Although Cantor had already shown the statement to be true in 1874, he reproved it again seven years later using what would later be known as the diagonal argument.
His proof was published in the 1891 paper Ueber eine elementare Frage der Mannigfaltigkeitslehre (“On an Elementary Question of Manifold Theory”). In his paper, Cantor presents the argument as follows:
Proof that the set of all infinite binary sequences are not denumerable. Consider the set M of all infinite sequences of the binary numbers m and w. Sequences such as:
E₁ = (m, m, m, m, m, ...),
E₂ = (w, w, w, w, w, ...),
E₃ = (m, w, m, w, m, ...),
E₄ = (w, m, w, m, w, ...),
E₅ = (m, m, w, w, m, ...)
Cantor asserts that there exists a set M that does not have the “breath” of the series E₁, E₂, E₃ … , meaning M is of a different size than the sum of each sequence En, i.e. that even though M is constructed of all the infinite sequences of the binary numbers m and w, he can always construct a new sequence E₀ which “is both an element of M and is not an element of M.”
The new sequence E₀ is constructed using the complements of one digit from each sequence E₁, E₂, … En. A complement of a binary number is defined as the value obtained by inverting the bits in the representation of the number (swapping m for w and visa versa). So, the new sequence is made up of the complement of the first digit from the sequence E₁ (m), the complement of the second digit from the sequence E₂ (w), the complement of the third digit from the sequence E₃ (m) and so on to finally the complement of the nth digit from the sequence En. From the example sequences above, the new sequence E₀ would then be:
E₀ = (w, m, w, w, w, ...)
By its construction, E₀ differs from each sequence En since their nth digits differ. Hence, E₀ cannot be one of the infinite sequences in the set M.
The proof provided below applies the argument specifically to prove the uncountability of the real numbers ℝ. It is an excerpt from the book Real Analysis and Applications* by Frank Morgan (2005).
Proof of the Uncountability of the Real numbers ℝ (Morgan, 2005)
Assume that the following proposition is false:
The set of reals ℝ is uncountable.
We will derive a contradiction. In particular, we will assume that the reals can be listed, and then exhibit a real number missing from the list, the desired contradiction. Since the argument applies to any list, that will complete the proof.

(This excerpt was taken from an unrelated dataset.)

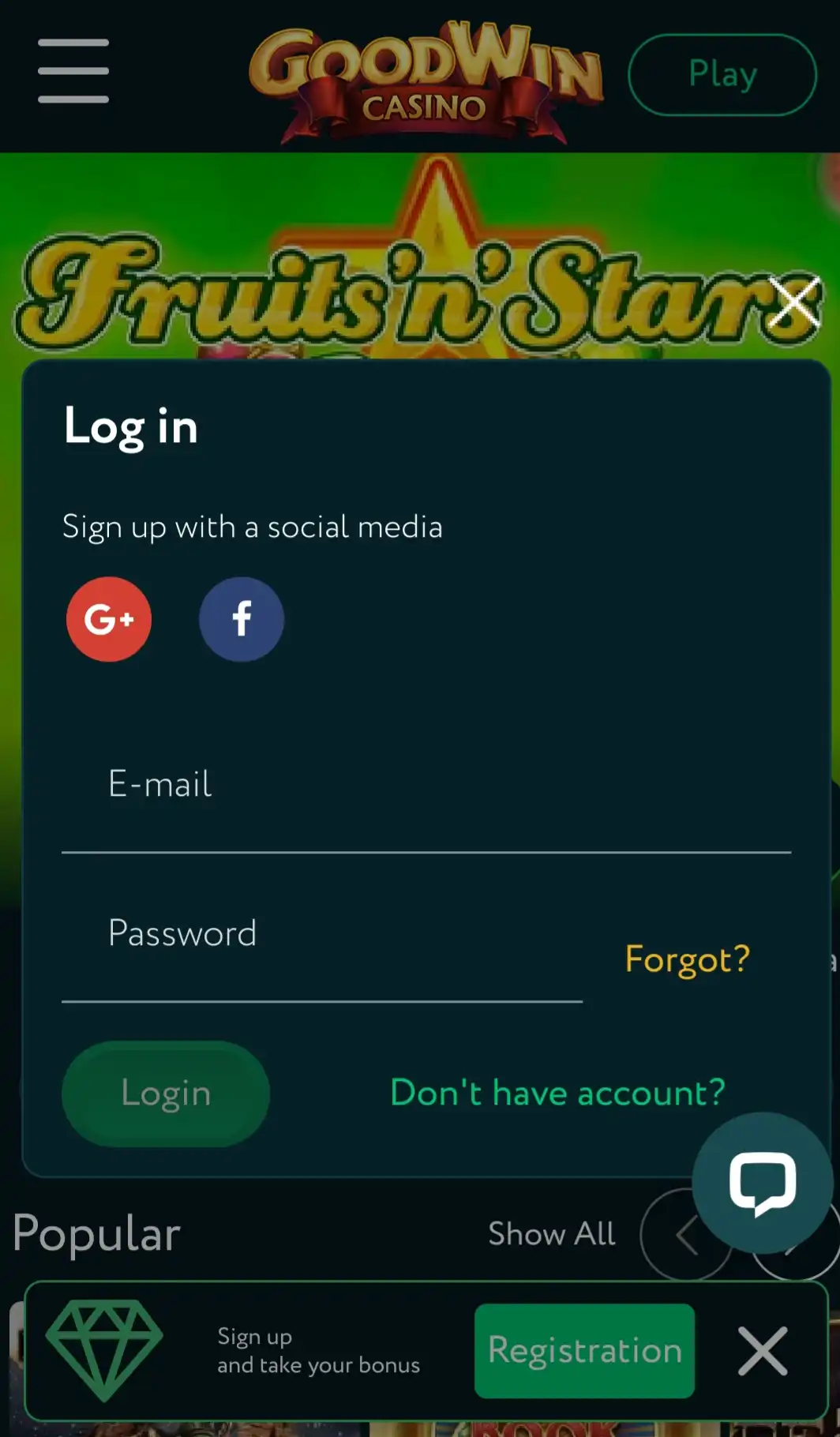 GoodWinCasino Mobile Login Review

Suppose that the reals were countable. Then the positive reals would also be countable and could be listed, for example as such:
1. 6 5 7 . 8 5 3 2 6 0 ...
2. 2 . 3 1 3 3 3 3 ...
3. 3 . 1 4 1 5 9 2 ...
4. . 0 0 0 3 0 7 ...
5. 4 9 . 4 9 4 9 4 9 ...
6. . 8 7 3 2 5 7 ...
...
To obtain a contradiction, it suffices to show that there exists some real α that is missing from the list. The construction of such an α works by making its first decimal place different from the first decimal place of the first number of the list, by making the second decimal place different from the second decimal place of the second number, and in general by making the nth decimal place different from the nth decimal place of the nth number on the list.
Even simpler, for our α we'll make the nth decimal place 1 unless it is already 1, in which case we'll make it 2. By this process, for our example list of numbers, we obtain:
α = . 1 2 2 1 1 1 ...
Which, by construction cannot be a member of the list we created. And so, by contradiction, our list of all reals cannot contain every number, and so must be uncountable.

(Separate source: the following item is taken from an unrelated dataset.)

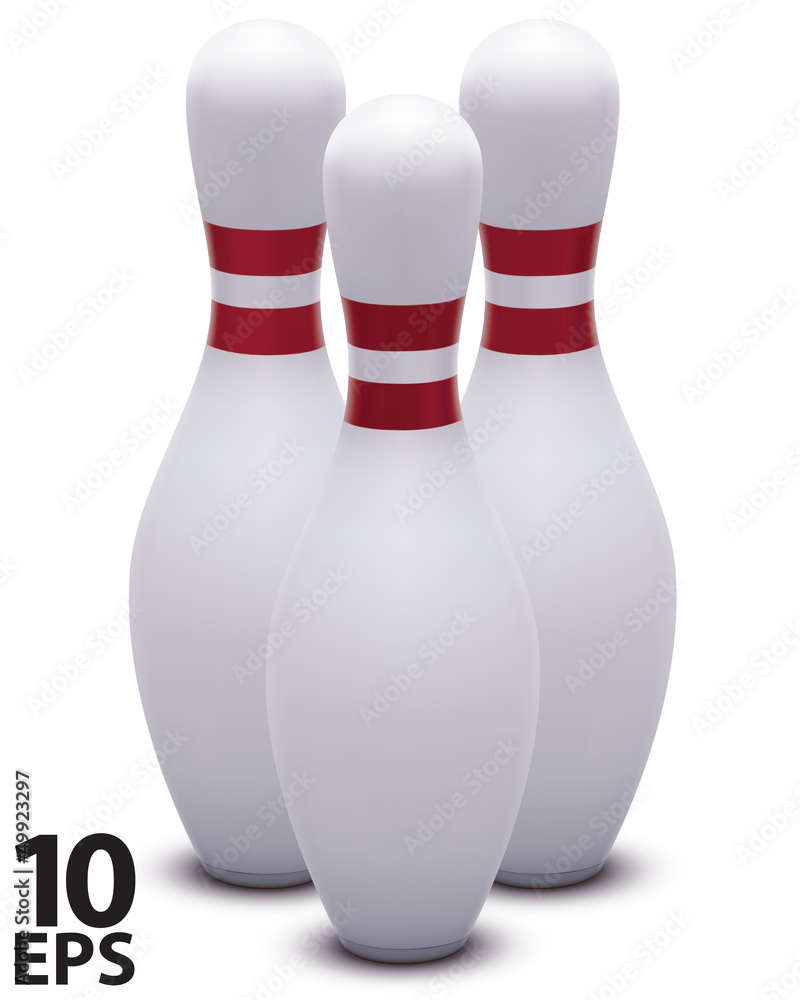 Bowling. Skittles. Vector illustration Bowling. Skittles. Vector illustration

Summarized, to prove the uncountability of the reals we first list all such numbers and assume this list is exhaustive. Next, starting from the top, we construct a new real number using one decimal place from each of the numbers in the list, altering each digit to not match the digits from the list we use in the construction, to infinity. We observe that this new number, the nth number on the list will always differ from all of those already the list. Thus, our list of the real numbers is not exhaustive, and so they must be uncountable.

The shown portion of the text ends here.